What CRM is
Customer Relationship Management. A business discipline designed to identify, attract, and retain a company's most valuable customers. It describes improved and increased communication between a company and its customers. First espoused in the 1960's by management gurus Peter Drucker and Theodore Levitt, CRM is intended to provide a unified, company-wide view of the customer and to cultivate high-quality relationships that increase loyalty and profits. Basically, the idea is not to let an interaction with a customer escape a firm's centralized database. The focus is on learning more about customers and using that knowledge to refine every interaction with them. Effective CRM requires an integrated sales, marketing, and service strategy, supported by CRM software that provides profiles and histories of each interaction the company has with each customer. When managers cull this data, it helps them evaluate their progress. A comprehensive CRM strategy can anticipate needs; tailor messages, products, and services; create value; anticipate problems; and improve the customer's overall experience in dealing with the company. Welcome to 21st century business.

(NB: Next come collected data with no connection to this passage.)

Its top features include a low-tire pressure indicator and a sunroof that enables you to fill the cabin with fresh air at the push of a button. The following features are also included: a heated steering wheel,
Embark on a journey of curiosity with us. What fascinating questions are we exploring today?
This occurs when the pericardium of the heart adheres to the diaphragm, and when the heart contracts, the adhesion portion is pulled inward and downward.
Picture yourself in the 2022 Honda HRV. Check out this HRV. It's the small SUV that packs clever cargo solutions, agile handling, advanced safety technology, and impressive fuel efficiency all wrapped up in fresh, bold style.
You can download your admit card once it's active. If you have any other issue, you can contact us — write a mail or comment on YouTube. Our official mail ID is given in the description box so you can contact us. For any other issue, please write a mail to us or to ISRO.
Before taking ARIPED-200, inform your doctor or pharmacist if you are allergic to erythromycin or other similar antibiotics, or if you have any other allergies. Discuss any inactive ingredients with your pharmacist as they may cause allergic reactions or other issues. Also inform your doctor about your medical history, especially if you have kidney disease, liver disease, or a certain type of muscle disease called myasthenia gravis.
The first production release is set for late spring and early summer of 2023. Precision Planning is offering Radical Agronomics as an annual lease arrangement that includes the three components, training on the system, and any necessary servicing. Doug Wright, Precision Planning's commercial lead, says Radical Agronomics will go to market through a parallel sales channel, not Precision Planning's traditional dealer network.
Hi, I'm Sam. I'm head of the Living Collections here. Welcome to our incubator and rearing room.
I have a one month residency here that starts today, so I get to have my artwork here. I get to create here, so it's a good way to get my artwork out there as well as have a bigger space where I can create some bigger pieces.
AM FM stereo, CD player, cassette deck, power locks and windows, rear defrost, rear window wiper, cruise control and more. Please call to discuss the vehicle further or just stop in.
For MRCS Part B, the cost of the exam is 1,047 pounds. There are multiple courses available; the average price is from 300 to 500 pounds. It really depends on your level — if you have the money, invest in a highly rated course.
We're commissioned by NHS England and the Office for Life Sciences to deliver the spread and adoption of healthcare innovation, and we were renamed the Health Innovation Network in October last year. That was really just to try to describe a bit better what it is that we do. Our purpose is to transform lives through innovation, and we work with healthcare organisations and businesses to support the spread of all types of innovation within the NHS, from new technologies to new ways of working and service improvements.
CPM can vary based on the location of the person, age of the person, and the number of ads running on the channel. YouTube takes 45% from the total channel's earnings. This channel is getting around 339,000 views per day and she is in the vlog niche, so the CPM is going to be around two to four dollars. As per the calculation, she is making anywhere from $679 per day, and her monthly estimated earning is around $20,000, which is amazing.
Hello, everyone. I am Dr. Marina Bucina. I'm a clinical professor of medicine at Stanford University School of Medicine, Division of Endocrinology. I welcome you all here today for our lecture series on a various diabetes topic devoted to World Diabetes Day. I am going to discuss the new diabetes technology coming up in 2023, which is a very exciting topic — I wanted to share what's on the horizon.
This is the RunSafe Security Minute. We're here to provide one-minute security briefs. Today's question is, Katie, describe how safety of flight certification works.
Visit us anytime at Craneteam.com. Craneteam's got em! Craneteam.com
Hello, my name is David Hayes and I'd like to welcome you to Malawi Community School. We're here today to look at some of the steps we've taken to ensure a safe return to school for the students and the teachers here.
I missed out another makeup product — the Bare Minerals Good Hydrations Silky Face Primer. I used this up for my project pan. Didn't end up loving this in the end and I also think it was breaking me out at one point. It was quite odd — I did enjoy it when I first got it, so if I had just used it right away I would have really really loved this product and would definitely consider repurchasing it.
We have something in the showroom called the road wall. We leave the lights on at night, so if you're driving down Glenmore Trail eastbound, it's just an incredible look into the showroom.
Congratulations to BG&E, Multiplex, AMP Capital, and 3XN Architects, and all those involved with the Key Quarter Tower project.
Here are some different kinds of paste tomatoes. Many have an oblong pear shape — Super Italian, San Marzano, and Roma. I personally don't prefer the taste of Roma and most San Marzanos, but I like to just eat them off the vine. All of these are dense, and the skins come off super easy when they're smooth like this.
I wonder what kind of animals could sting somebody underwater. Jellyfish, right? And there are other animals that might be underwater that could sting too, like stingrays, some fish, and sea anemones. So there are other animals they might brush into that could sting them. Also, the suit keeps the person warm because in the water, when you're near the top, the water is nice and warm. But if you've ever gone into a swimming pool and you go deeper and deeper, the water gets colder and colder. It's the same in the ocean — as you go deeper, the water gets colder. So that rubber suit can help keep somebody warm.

The meaning of B2E (Business-to-Employee)
An acronym for a portal that serves as a centralized starting point for everyone within a company or organization. B2E uses the Web to centralize a wide range of applications, services, content, and tools, and it allows employees to personalize these offerings in ways that make sense to them. Unlike an intranet, which is usually based on a top-down view of what's happening in the organization, a B2E interface can be customized by the employees, based on the services they use. That way, it can become the primary vehicle by which people do their work. Corporations may develop their own B2Es or may rely on one of the many B2E portal developers.